[[ SUPPLIED DATA open ]]

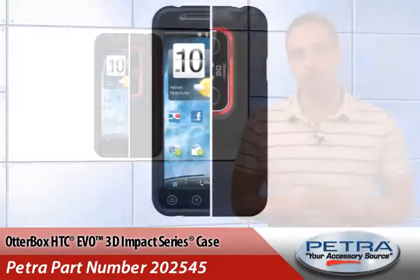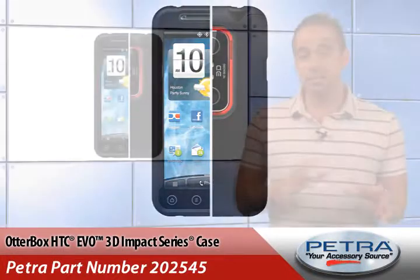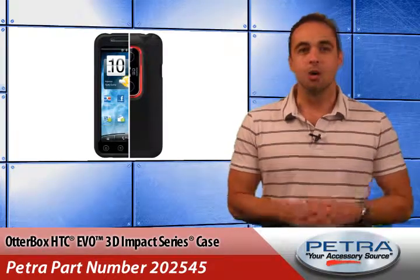Encasing the EVO 3D, this durable silicone case is engineered to absorb impact and features an inner coring that dissipates shock away from the device. Even with all that awesome protection, access is still granted to all buttons, ports and features. A self-adhering protective film keeps the screen scratch free, while an included cleaning cloth keeps it free from smudges.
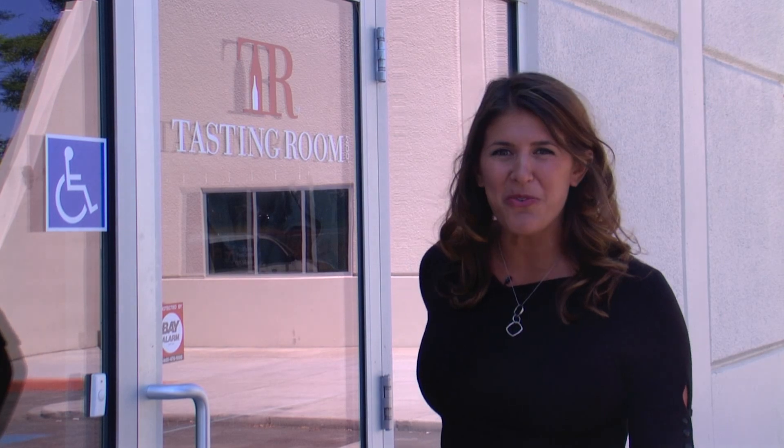Hi guys, Rachel from TastyRoom.com here. We are at our production facility in California wine country, and we're here today to answer another question we get all the time: how do we ensure that you're getting the best quality wine when you order from TastyRoom.com? Let's go find out, shall we?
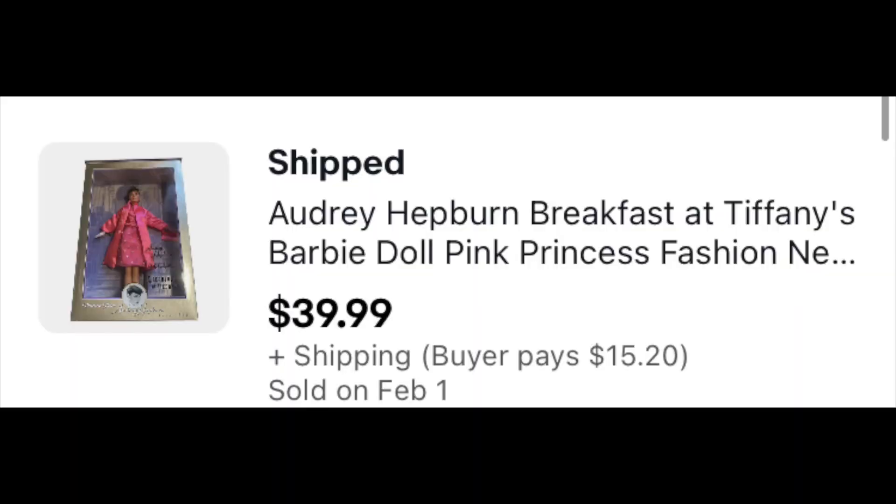Then we have a viewer sale — Audrey Hepburn as Holly Golightly from Breakfast at Tiffany's. Viewer Mia bought this one. She said she doesn't collect Barbie — this is her first Barbie — but she does collect Audrey Hepburn stuff, so she decided to pick this one up and sent me an offer. I had to give her a better deal on it. Very grateful for that — $39.99 plus shipping. That was one of my favorites from the lot — it just looked very much like her, very elegant, very clean. Really really cool.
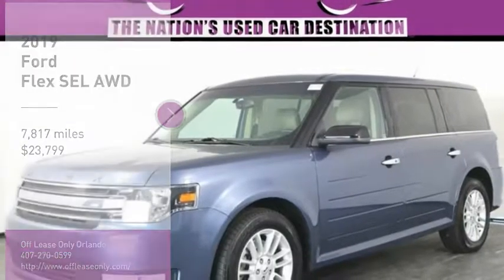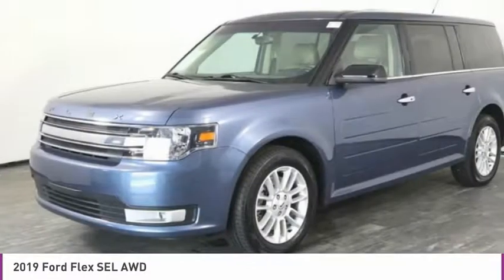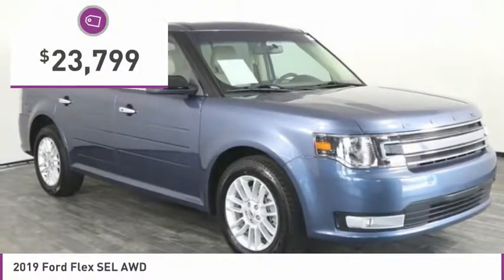Stop by and take a look at the 2019 Flex. Flex isn't just exciting to look at, it's exciting to drive. It hunkers down, puts a limit on lean, and is priced below $25,000.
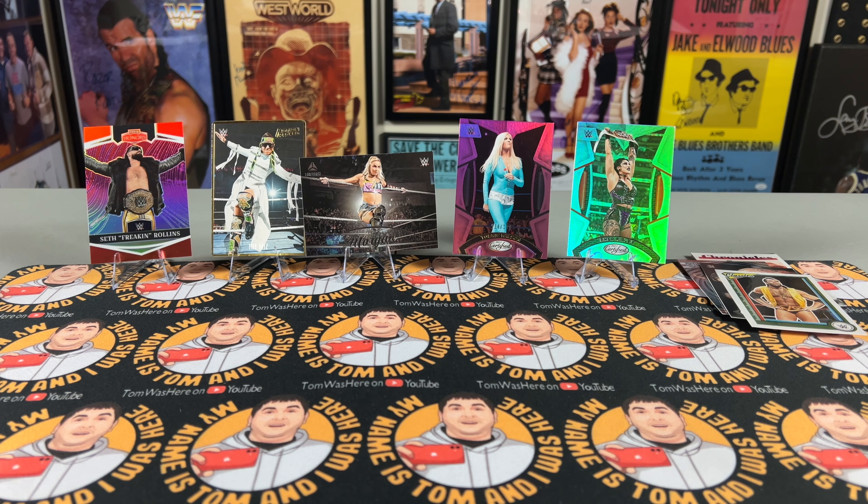It's 2023 Panini Chronicles WWE. Guys, thanks so much for watching. If you're new here, make sure to like, share, and subscribe. You can support me on Patreon — link in the description — and there are also links to my eBay store, Facebook, Instagram, TikTok, and the Pennsylvania Autograph Collector Association. We'll see you in the next video. Bye everyone!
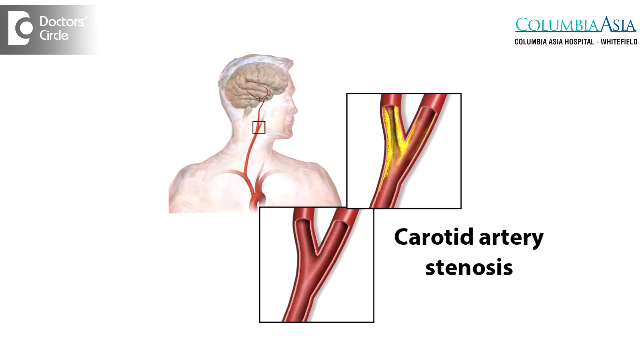Carotid artery stenosis is deposition of cholesterol within the blood vessel which is supplying the brain. This cholesterol deposition will narrow the blood vessel, leading to reduced blood supply to the brain. Intervention in carotid artery stenosis is decided based on the percentage of stenosis.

[[ SUPPLIED DATA closed ]]

WORK REQUIRED: Working from the records above, set down word for word everything from the line containing "Hi guys, Rachel" down to the line containing "Stop by and", ends included, minus the pictures.

PROBLEM SOLUTION:
Hi guys, Rachel from TastyRoom.com here. We are at our production facility in California wine country, and we're here today to answer another question we get all the time: how do we ensure that you're getting the best quality wine when you order from TastyRoom.com? Let's go find out, shall we?
Then we have a viewer sale — Audrey Hepburn as Holly Golightly from Breakfast at Tiffany's. Viewer Mia bought this one. She said she doesn't collect Barbie — this is her first Barbie — but she does collect Audrey Hepburn stuff, so she decided to pick this one up and sent me an offer. I had to give her a better deal on it. Very grateful for that — $39.99 plus shipping. That was one of my favorites from the lot — it just looked very much like her, very elegant, very clean. Really really cool.
Stop by and take a look at the 2019 Flex. Flex isn't just exciting to look at, it's exciting to drive. It hunkers down, puts a limit on lean, and is priced below $25,000.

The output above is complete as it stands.